Para proteger esta acumulación de recursos, construimos fronteras a su alrededor: muros físicos y límites virtuales. Exclusivos por naturaleza, los muros se levantan para mantener el exterior separado del interior. Al mismo tiempo, crean divisiones dentro de nosotros mismos. Las distinciones entre 'nosotros' y 'ellos' definidas por estas fronteras, por mucho que consideremos que son protectoras, parecen dividir y alienar por igual.
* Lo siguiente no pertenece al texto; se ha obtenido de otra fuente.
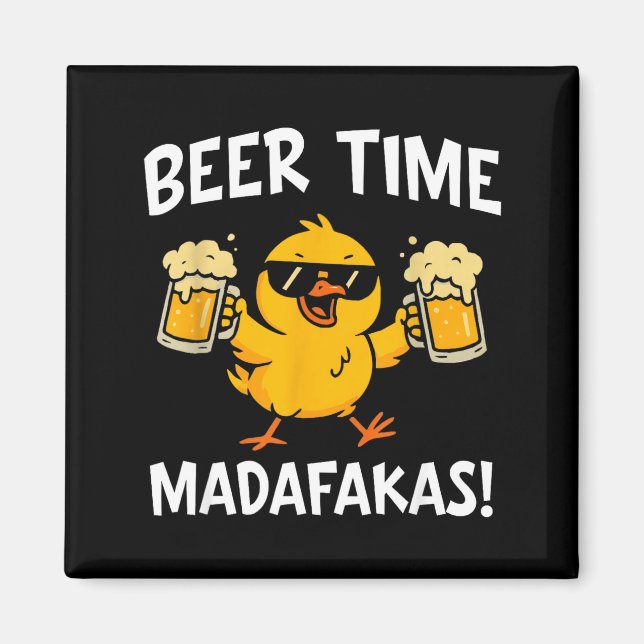 Aimant Beer Time Madafakas Funny Meme Duck With Beer Chic (Devant)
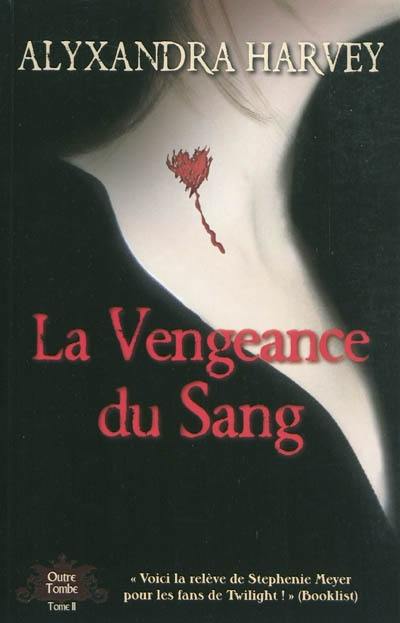 Outre-tombe. Vol. 2. La vengeance du sang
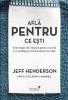 Afla pentru ce esti &ndash; Jeff Henderson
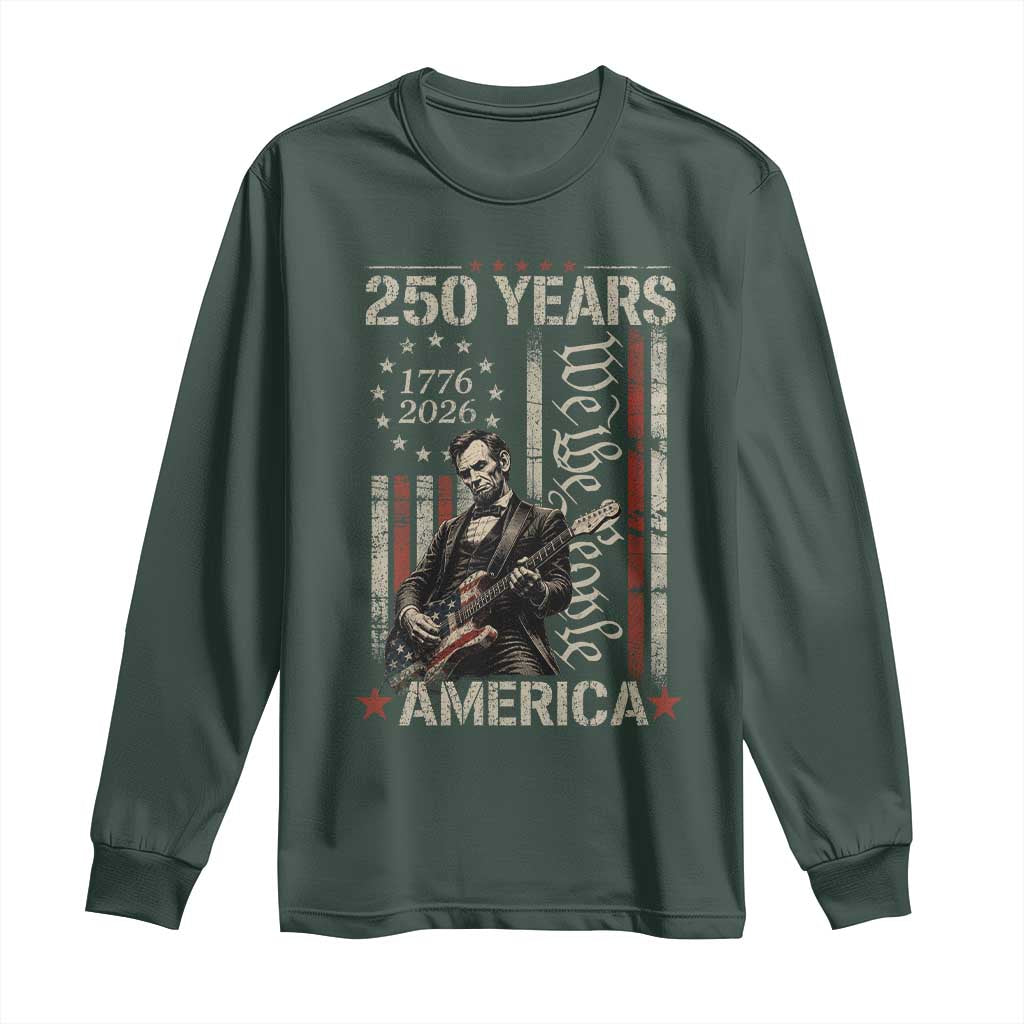Abraham Lincoln Playing Guitar 4th July 250 Years America Long Sleeve Shirt TS11 Dark Forest Green Print Your Wear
Ya sean naturales o creadas por el hombre, la vida útil de las paredes es limitada. Es como si cuando se crea una frontera, se iniciara un proceso deconstructivo paralelo. La presión se acumula simultáneamente tanto desde el interior como desde el exterior. El deseo de cercarse es tan fuerte como la necesidad de transgredir, de llegar al otro, de buscar y fusionarse con lo que no está aquí y ahora. Ya sea que se desintegren tarde o temprano, el resultado es el mismo para cualquier fortificación. Los imperios, los castillos e incluso nuestros cuerpos humanos acabarán por ceder a esta decadencia, dando paso a las nuevas generaciones.
Nuestra relación con este planeta ha tenido un enorme impacto en su ecosistema, hasta el punto de que es posible que pronto lleguemos al final de nuestro viaje. Pero esto también significa crecimiento, nuevos intercambios y, con el aumento del nivel del mar, la migración vertical de formas de vida nuevas y diferentes.
Quizás deberíamos ver esto como una oportunidad para re-imaginar un final como un nuevo comienzo.